Using the middle point of the first 30 years period where the mean temperature exceeds 1.5°C

In [27]:
PA_start = Date("2016-11-01") # PA enters into force
inicio30 = findfirst(isequal(PA_start),tempnino.Dates)-179
fin30 = T + h - 180 # 15 years
datejoin30 = collect(PA_start-Month(179):Month(1):date_for[h-180])
meantemp30 = tempnino[inicio30:T, :Temp]
dummies30 = zeros(h, nsim)

for jj = 1:nsim
    completo = [meantemp30; matforecasts[:, jj]]
    for ii = 180:h
        dummies30[ii, jj] = mean(completo[ii-179:ii+180])

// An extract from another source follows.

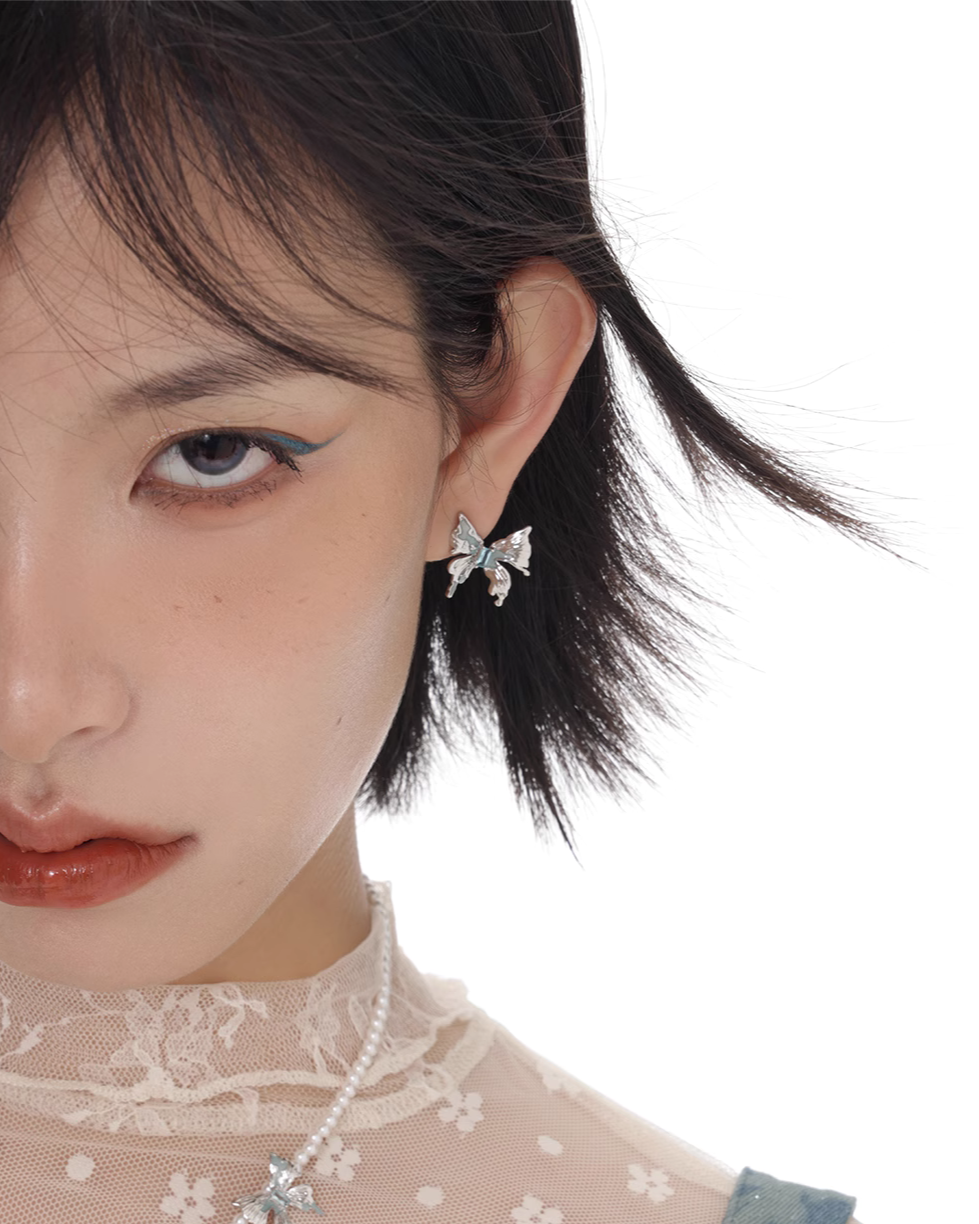 Alien Butterfly Earrings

pa15_30 = mean(dummies30[:, :] .>= 1.5, dims=2);
pa20_30 = mean(dummies30[:, :] .>= 2, dims=2);

Updating table with the results for the 30 years period.

In [28]:
push!(results_probabilities, ["Above 1%, 30-years avg.", datejoin[findfirst(pa15_30 .> 0.01)], datejoin[findfirst(pa20_30 .> 0.01)]])
push!(results_probabilities, ["Above 50%, 30-years avg.", datejoin[findfirst(pa15_30 .>= 0.5)], datejoin[findfirst(pa20_30 .>= 0.5)]])
push!(results_probabilities, ["Above 99%, 30-years avg.", datejoin[findfirst(pa15_30 .>= 0.99)], datejoin[findfirst(pa20_30 .>= 0.99)]])
6×3 DataFrame
Row Probability level and period 1.5°C Threshold 2°C Threshold
String Date Date
1 Above 1%, 20-years avg. 2024-11-01 2044-06-01
2 Above 50%, 20-years avg. 2028-08-01 2053-08-01
3 Above 99%, 20-years avg. 2036-09-01 2063-01-01
4 Above 1%, 30-years avg. 2030-10-01 2049-05-01
5 Above 50%, 30-years avg. 2033-12-01 2058-08-01
6 Above 99%, 30-years avg. 2040-11-01 2068-03-01

Saving the results to a csv file.

In [29]:
CSV.write("tables/ResultsBerkeley.csv", results_probabilities)

Full table with the results.

In [30]:
6×3 DataFrame
Row Probability level and period 1.5°C Threshold 2°C Threshold
String Date Date
1 Above 1%, 20-years avg. 2024-11-01 2044-06-01
2 Above 50%, 20-years avg. 2028-08-01 2053-08-01
3 Above 99%, 20-years avg. 2036-09-01 2063-01-01
4 Above 1%, 30-years avg. 2030-10-01 2049-05-01
5 Above 50%, 30-years avg. 2033-12-01 2058-08-01
6 Above 99%, 30-years avg. 2040-11-01 2068-03-01
Table 1: Months to breach the 1.5°C and 2°C thresholds for the Berkeley Earth temperature anomalies at a given probability level.
Rohde, Robert A, and Zeke Hausfather. 2020. “The Berkeley Earth Land/Ocean Temperature Record.” Earth System Science Data 12 (4): 3469–79.